Tertekan Likuidasi Masif, Harga Bitcoin Anjlok ke Level Terendah Setahun

Ilustrasi Bitcoin (Gambar: NET)
Penulis: Akbar
Jumat, 05 Juni 2026 | 14:05:32 WIB

JAKARTA – Pasar aset kripto mengalami guncangan hebat setelah harga Bitcoin merosot tajam hingga menyentuh level US$61.322 akibat tekanan likuidasi yang masif pada pekan ini.

Penurunan harian selama enam hari berturut-turut ini menjadi tren pelemahan terpanjang sejak Agustus tahun lalu, memperlebar jarak dengan pergerakan saham teknologi yang justru terus mencetak rekor baru.

Kepercayaan sektor digital terpukul oleh penjualan perdana Bitcoin oleh Strategy Inc. sejak 2022, arus keluar dana ETF spot AS sebesar US$4,4 miliar dalam 13 sesi terakhir, serta perpindahan modal ritel.

Data dari CoinGlass menunjukkan ambruknya harapan para pelaku pasar, di mana hampir US$4 miliar taruhan *bullish* musnah sejak awal pekan ini dengan Bitcoin sebagai pemimpin penurunan terbesar.

Kondisi ini memicu kekhawatiran meluas di kalangan investor global, mengingat posisi aset digital nomor satu di dunia ini sempat mendekati level terendah empat bulan di kisaran US$60.000 pada awal Februari.

Pelemahan ini juga menyeret token peringkat kedua, Ether, yang jatuh ke level terendah sejak April 2025 dan diperdagangkan di sekitar US$1.780 pada pukul 08.40 pagi hari Kamis waktu AS.

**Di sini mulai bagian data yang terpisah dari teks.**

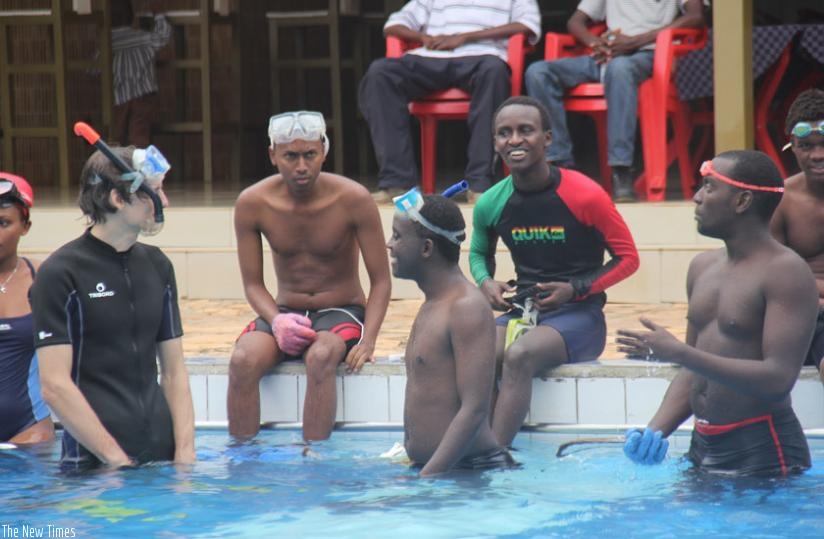 RUWHC players take a break during the game against Gruppo Sub Ospedale of Tanzania at Cercle Sportif de Kigali. (Jejje Muhinde)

Kepala riset aset digital Standard Chartered Plc memberikan pandangannya mengenai situasi sulit yang sedang melanda industri mata uang kripto saat ini.

"Minggu ini sangat menyakitkan di pasar kripto. Tidak ada cara lain untuk mengatakannya," kata Geoffrey Kendrick, kepala riset aset digital Standard Chartered Plc, sebagaimana dilansir dari berita sumber.

Kendrick menambahkan bahwa fokus pasar kini tertuju pada Strategy Inc. yang melepas 32 Bitcoin pekan ini, meskipun angka tersebut sangat kecil dibanding cadangan mereka yang bernilai US$53 miliar.

"Kali ini saya menduga aksi beli setelah penjualan akan lebih agresif," kata Geoffrey Kendrick, kepala riset aset digital Standard Chartered Plc, sebagaimana dilansir dari berita sumber.

Di sisi lain, pergeseran minat investasi ritel ke sektor kecerdasan buatan (AI), opsi berjangka pendek, pasar prediksi, dan stablecoin turut memengaruhi likuiditas Bitcoin yang nilainya sudah terpangkas separuh sejak rekor tertinggi US$126.000 pada Oktober lalu.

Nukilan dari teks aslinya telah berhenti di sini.